Published on August 3, 2017 by in Reflections

Psalm 1:3; Matthew 13: 20-24

Receptive Soil

How do we make the parable of the soils concrete?  I have always looked as this passage as encouraging us and our lives to be the soil for spiritual seeds coming from God. This is how that works.  First, We have to be soil that can absorb nutrients.  You all know that soils are different.  Volcanic soil and river soil are often very fertile. But in Sacramento county if you go a ways from the rivers the soil becomes hard clay bad and takes a lot of work.  Second, we have to be soil that is free from thorns and rocks. Third, we must be in a good location to draw water.  Friends, it is quite a jump to go from soil to people. They are so different.  But let us remember we all came from earth.  We are part of the earth and the earth is part of us. In many cultures the location of that earth is crucial.  Let us not forget that.  There is iron in the earth and we when we evolved from earth took on elements of that earth.  There is a lot of iron in our blood and we are told to keep it up by eating certain vegetables.  We cannot separate earth from us and us from earth.  This is why the way Jesus talks makes sense to the people. At the same time he stretches their minds, their imagination and their souls.  We feel the same way. We get it and we don’t get it.  It makes sense and at the same time it doesn’t.   You see the seed is the spiritual, it is faith.  If we are infertile soil for the seed it means we have no eye for God, no desire to search for God.  If there are thorns growing all over the soil then that means that we put obstacles up to faith and spirituality: this could be our busyness or our selfishness or our pride.  If the soil is in the wrong place, nutrients and water can’t reach it.

But there is another level to this parable as there always is in so many of the parables of Jesus.  They seem to be simple mini-stories that Jesus just seems to make up.  But there is so much truth in them.   We assume this parable is about us, but what if it is really about God?  What if it is a key into how God works in our lives, in the world, in the universe?   Maybe the key way God operates is by sowing.  We often get stuck in this notion of God as an authoritarian ruler who micro manages everything.
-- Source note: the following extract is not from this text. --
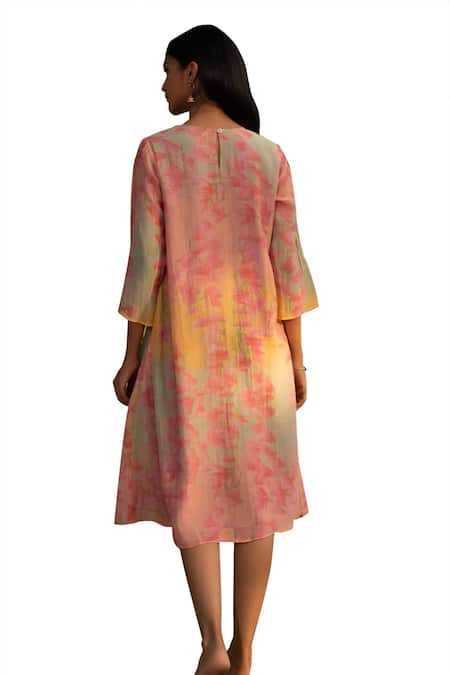 Priti Prashant Peach Mul Cotton Silk Printed Orchid Floral Round Canary Dress at Aza Fashions Priti Prashant_Peach Mul Cotton Silk Printed Orchid Floral Round Canary Dress _at_Aza_Fashions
In that thinking all decision have this forceful stamp on it. But what if it isn’t that way?   What if creation is a lot like sowing life and energy which then takes on a life of its own?  What if the Bible is a way of sowing truth and wisdom into the hearts and minds and minds of people who then, limited as they are, pen it down?  What if through the Holy Spirit God sows love and peace in the world?  The success of this sowing depends on how the seed is received.  There have to be planets with the conditions for life to develop.  There have to be receptive hearts who are inspired to write the sacred books. There have to be people who want to act in compassion and love and with commitment.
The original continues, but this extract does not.